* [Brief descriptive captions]
+ + + + + + +

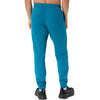 French Terry trainingsbroek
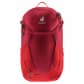 Deuter Rucksack Futura 23 3400121 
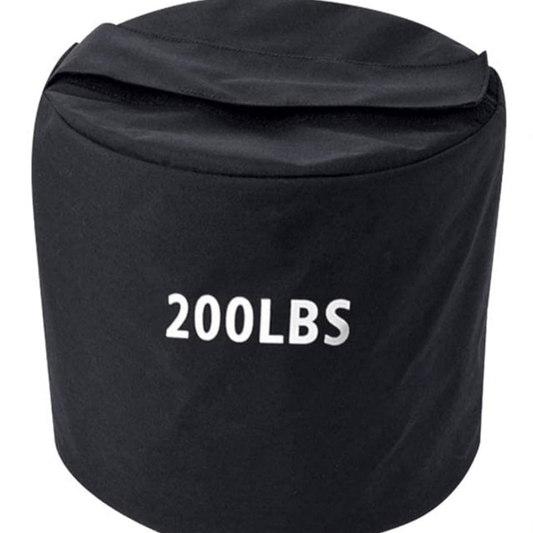 Sac de Sable - StrongHold™ - 200 - FitRythme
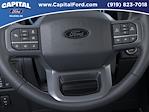 2025 Ford F-150 SuperCrew Cab 4WD Pickup for sale #DT2F9410 - photo 12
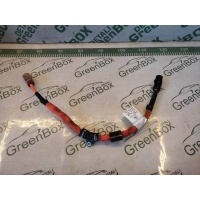 Провод высоковольтный Mercedes CLA C118 2022 A1775407730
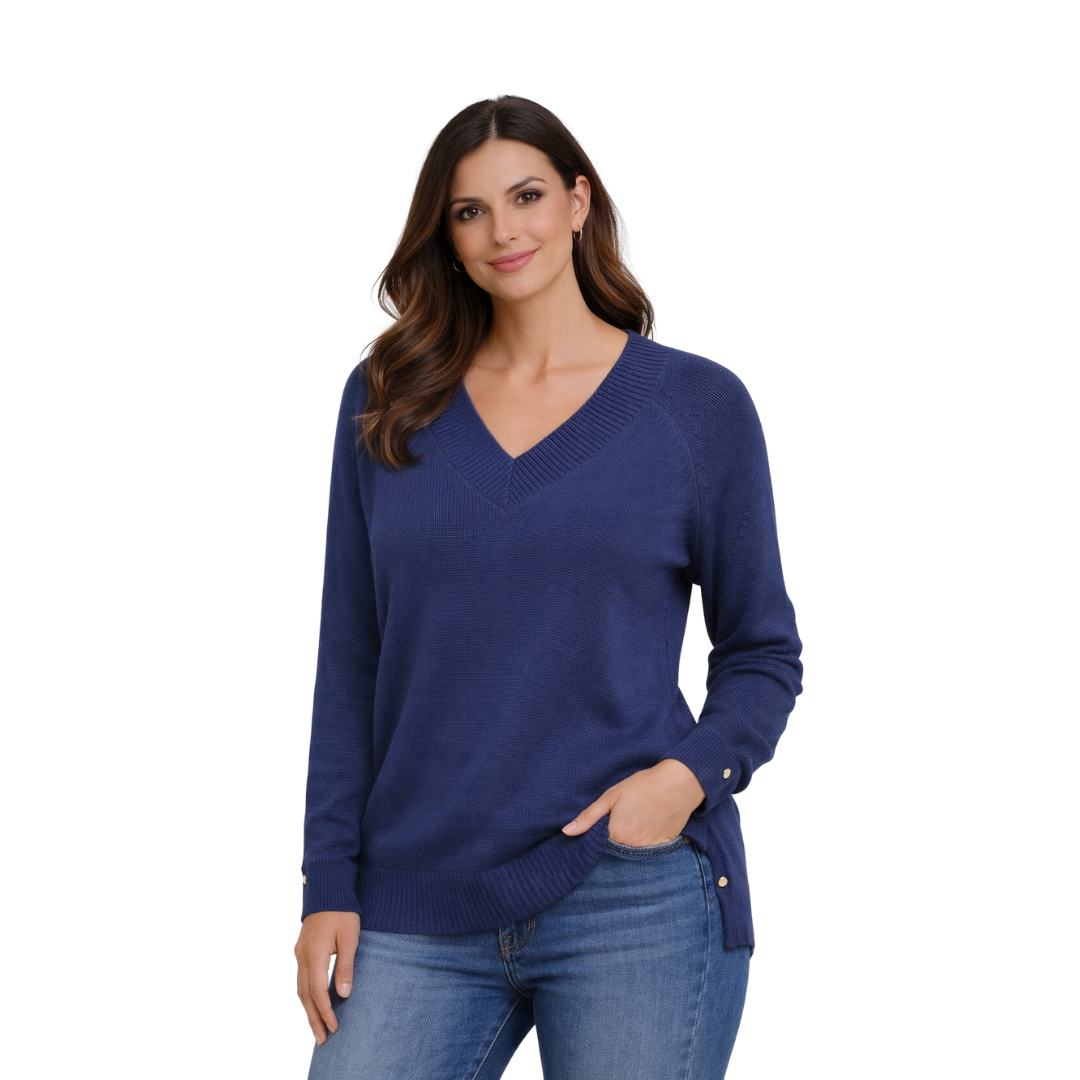 Suéter Por qué 2253035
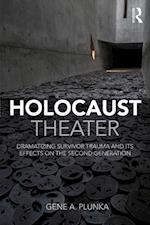 Holocaust Theater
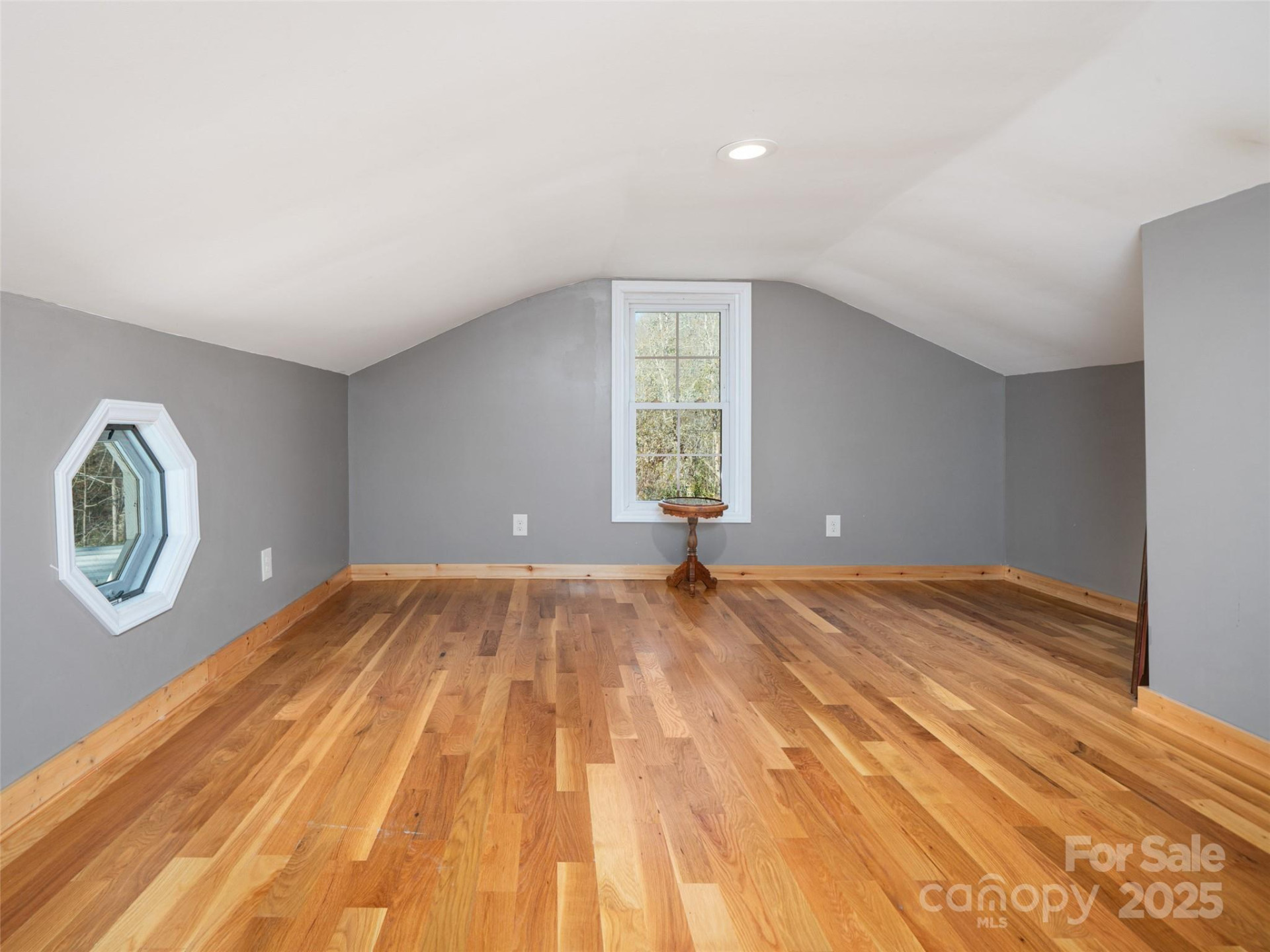 23 Katies Road #145.95 acres - Photo 31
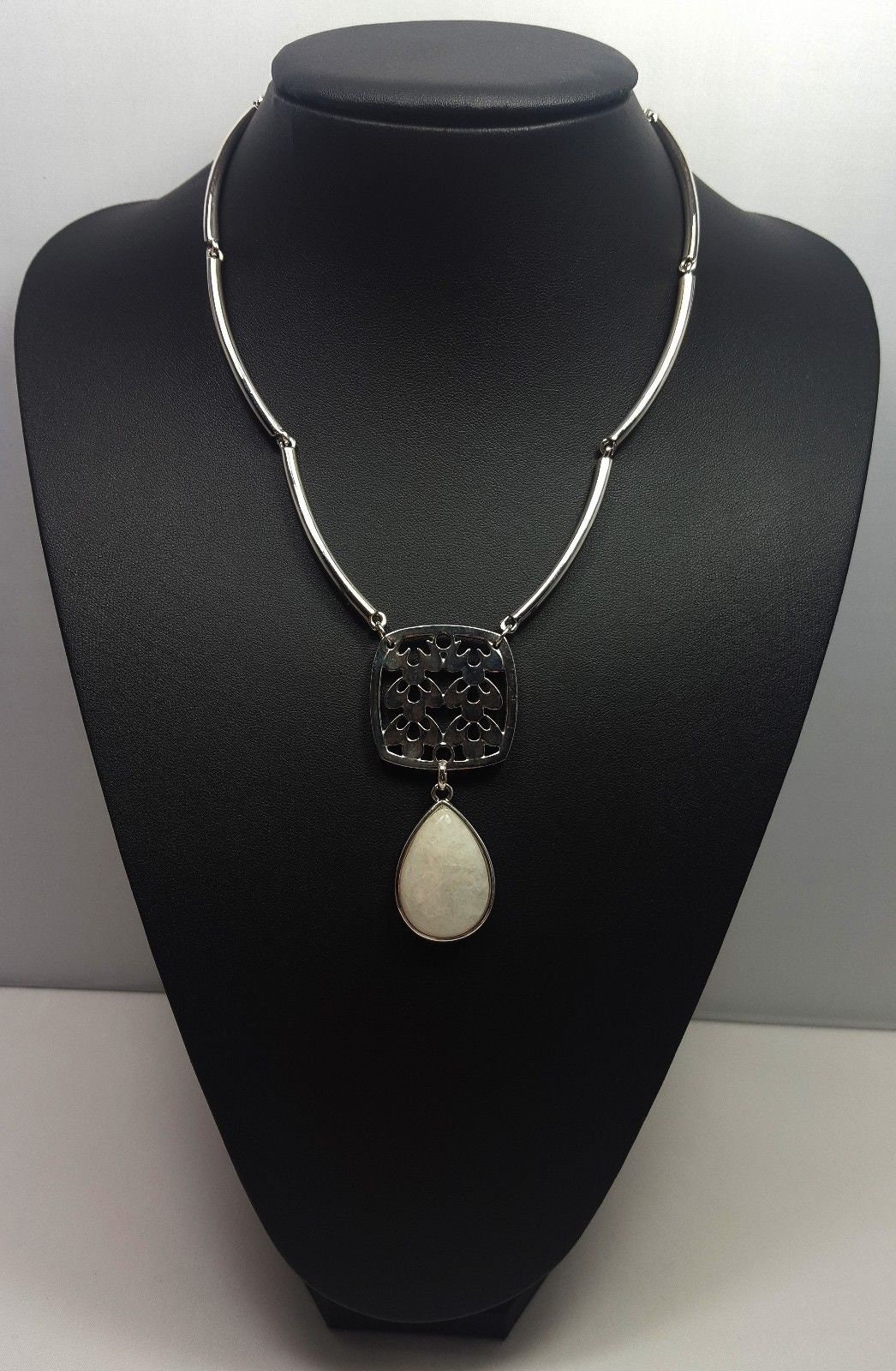 House of fraser best sale necklaces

+ + + + + + +

* [Directions for this task] Only the lines from the one containing "Sac de Sable - StrongHold™ - 200 - FitRythme" through the end of the records above should be retyped, exactly as they stand, with any pictures left out.

* [Output below]
 Sac de Sable - StrongHold™ - 200 - FitRythme
 2025 Ford F-150 SuperCrew Cab 4WD Pickup for sale #DT2F9410 - photo 12
 Провод высоковольтный Mercedes CLA C118 2022 A1775407730
 Suéter Por qué 2253035
 Holocaust Theater
 23 Katies Road #145.95 acres - Photo 31
 House of fraser best sale necklaces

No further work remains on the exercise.